Bangladesh’s forex reserves top $24 billion mark again

Bangladesh’s foreign exchange reserves have once again gone past $24 billion.

Abdur Rahim Badalbdnews24.com
Published : 9 June 2015, 08:47 PM
Updated : 9 June 2015, 08:47 PM

The reserves crossed the mark at the end of Tuesday, Bangladesh Bank’s Forex Reserves and Treasury Management Department General Manager Kazi Sayedur Rahman said.
 
Bangladesh will be able to pay import costs for up to seven months with this amount.

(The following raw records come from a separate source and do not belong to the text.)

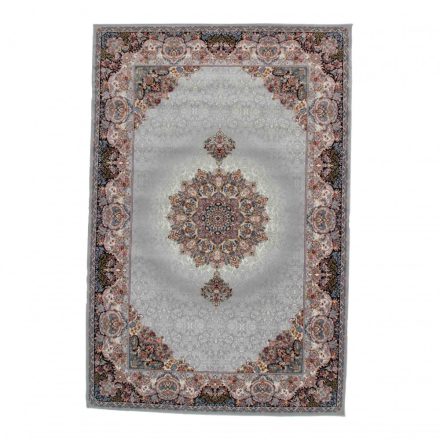 Perserteppich grau TABRIZ 200x300 hochwertiger teppich für Wohnzimmer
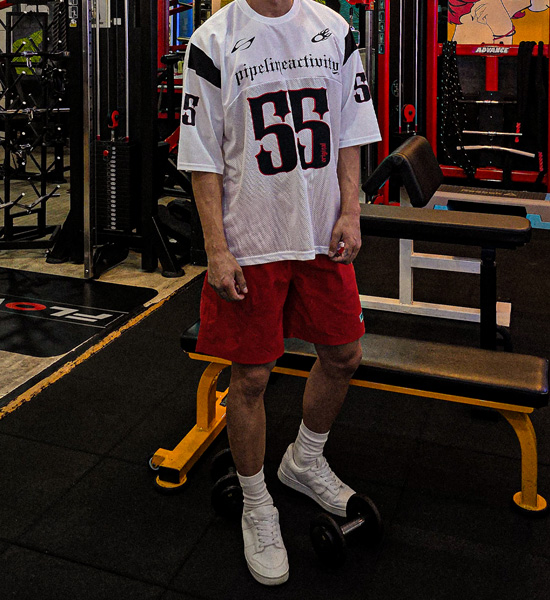 (XL-6XL)<BR>맥그로리 Mesh short-sleeved jersey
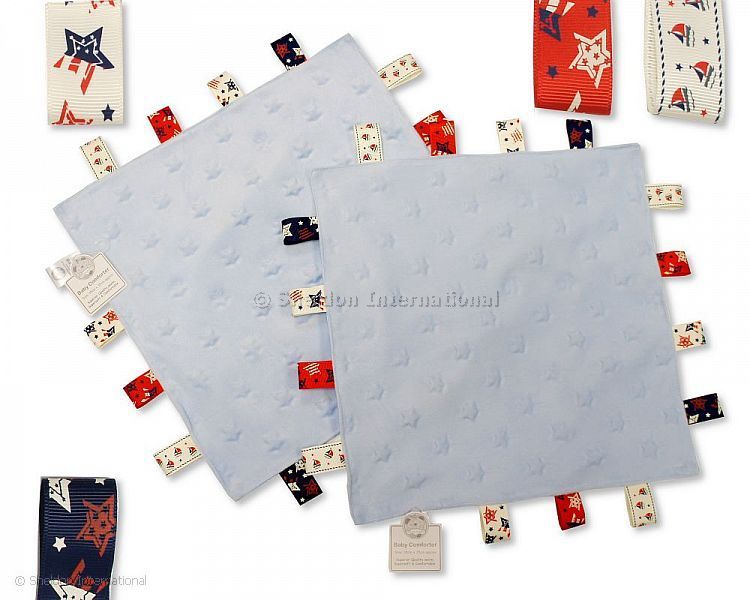 Star Embossed Baby Comforter with Tags - Blue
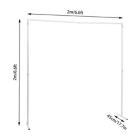 Alternate image 3 for Kitcheniva Wedding Square Arch Backdrop Metal Stand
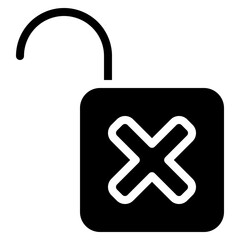 Obraz premium Bad Lock Icon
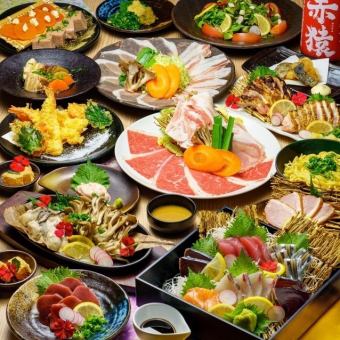 【2.5H生付飲み放題】牡蠣と舞茸の朴葉焼や選べる鍋含む全12品鍋有『贅沢コース』8000→6000円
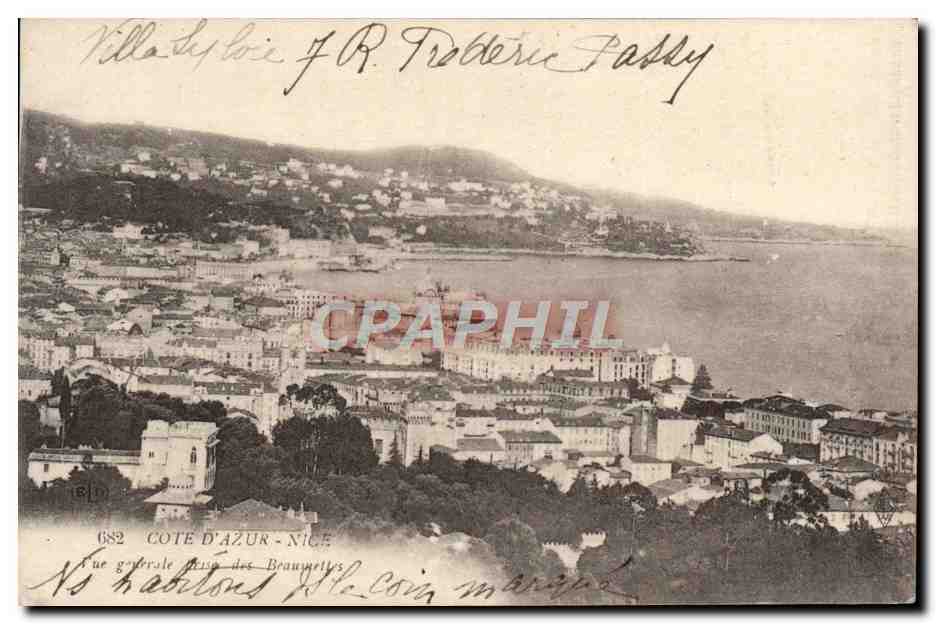 CPA Cote D'Azur Nice Vue generale prise des Beaumettes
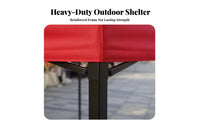 3x3 Folding Canopy Foldable Outdoor Advertising Tent Waterproof Quick-Setup up Canopy Tent for Street Vendors, Campers Markets, Company Outings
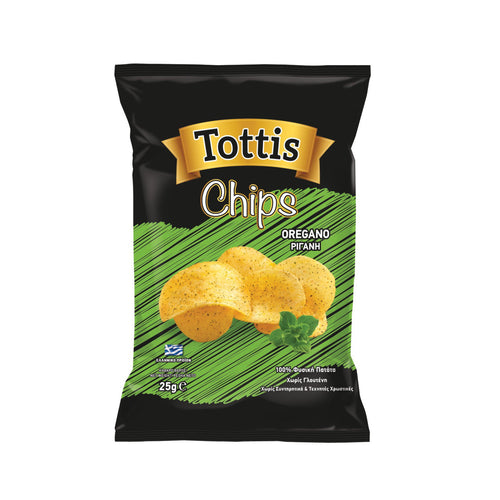 Tottis - Chips with Oregano (Gluten Free) - 90g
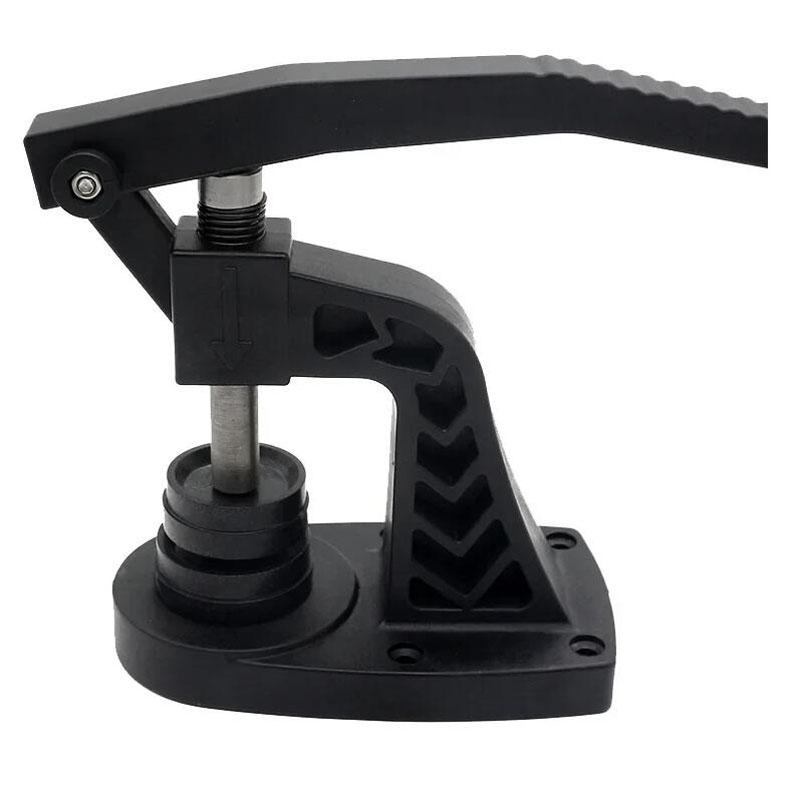 Инструмент для прессования часов с набором инструментов для замены батарейки для часов, 12 штампов, ручной пресс для стекла, передней и задней крышки корпуса часов, винтовой пресс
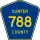 County Road 788 marker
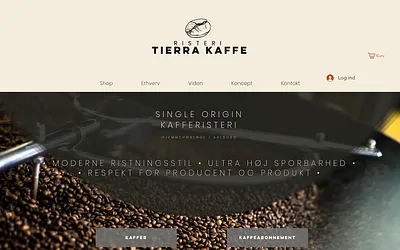 tierrakaffe.dk snapshot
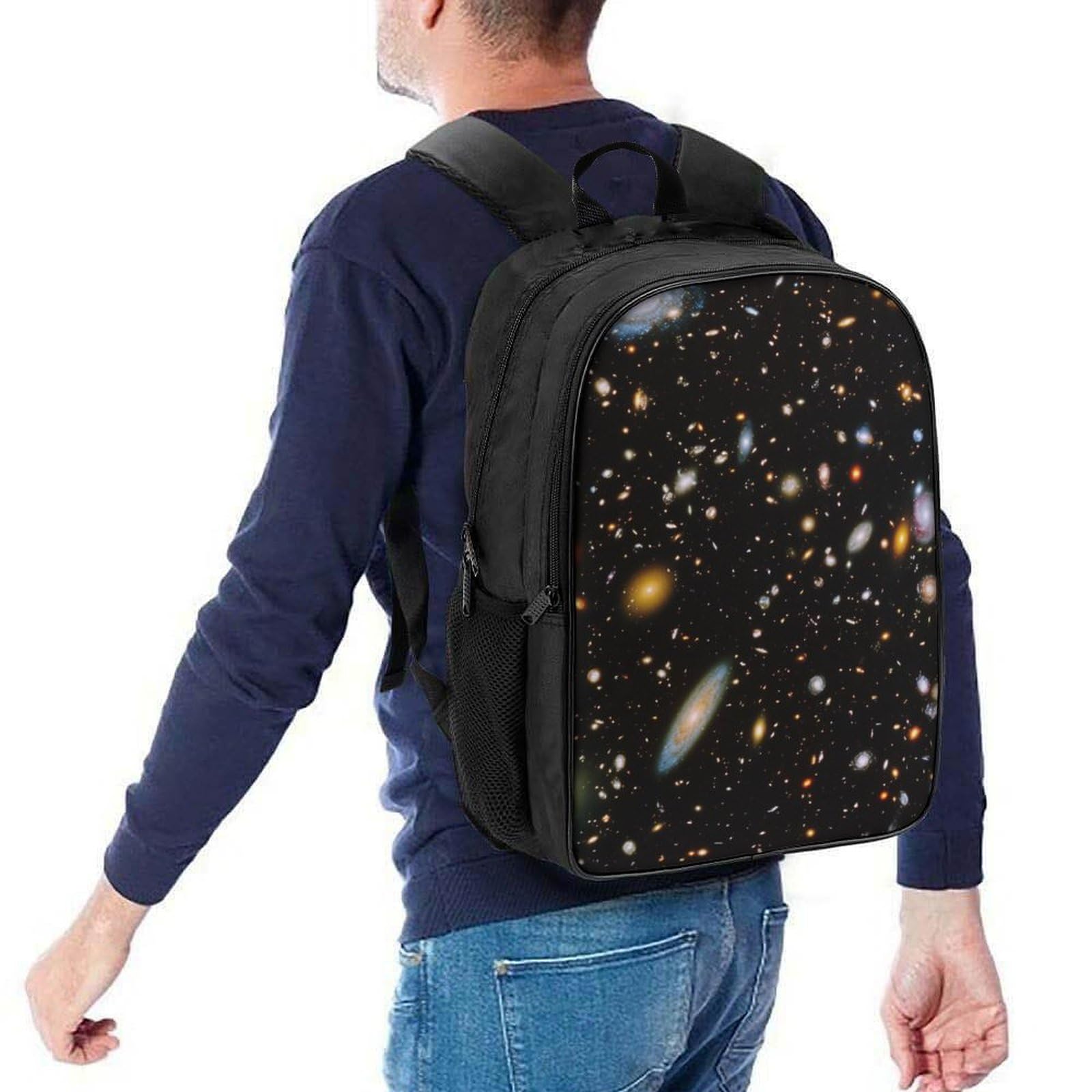 NoveAurora Kids Galaxy 3D Printed Backpack - Lightweight School Bag for Boys & Girls, Travel Rucksack with Book Compartment (40x28x16cm) - Perfect for School, Travel & Outdoor Adventures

Rahman said export earnings and remittance put the foreign exchange reserves on a strong ground.
 
He also said Bangladesh had to spent less to buy oil as prices of oil dropped in the global market.
 
“It also helped the rise in the reserves,” he said.
 
According to the central bank, the reserves was $20.1 billion on Apr 22 last year.
 
On Apr 29 this year, the reserves topoed the $24 billion mark for the first time.
 
But they dropped again in the first week of May after Bangladesh Bank cleared 41.1 billion import payments to Asian Clearing Union (ACU) for March-April period.
 
ACU’s payments for June-May period will have to be cleared in the first week of July.
 
Rahman said the reserves would stay over the $24 billion mark until then.
 
In the first 11 months (July-May) of the 2014-15 fiscal year, expatriates remitted around $13.875 billion. The amount was 7.21 percent higher than the same period previous year.
 
According to the Export Promotion Bureau (EPB), export earnings rose by three percent in July-May period of 2014-15 fiscal year from the previous year.
 
Reserves crossed $22 billion mark for the first time on Aug 7 last year. It had dropped due to the clearance of payments to ACU.
 
The reserves were $10 billion on Dec 10, 2009 and reached $15 billion in April 2013.
 
They crossed the $20 billion mark in April last year.
 
In line with international standard, a country has to have enough reserves to be able to pay import costs for three months.

ACU’s payment needs to be cleared every two months.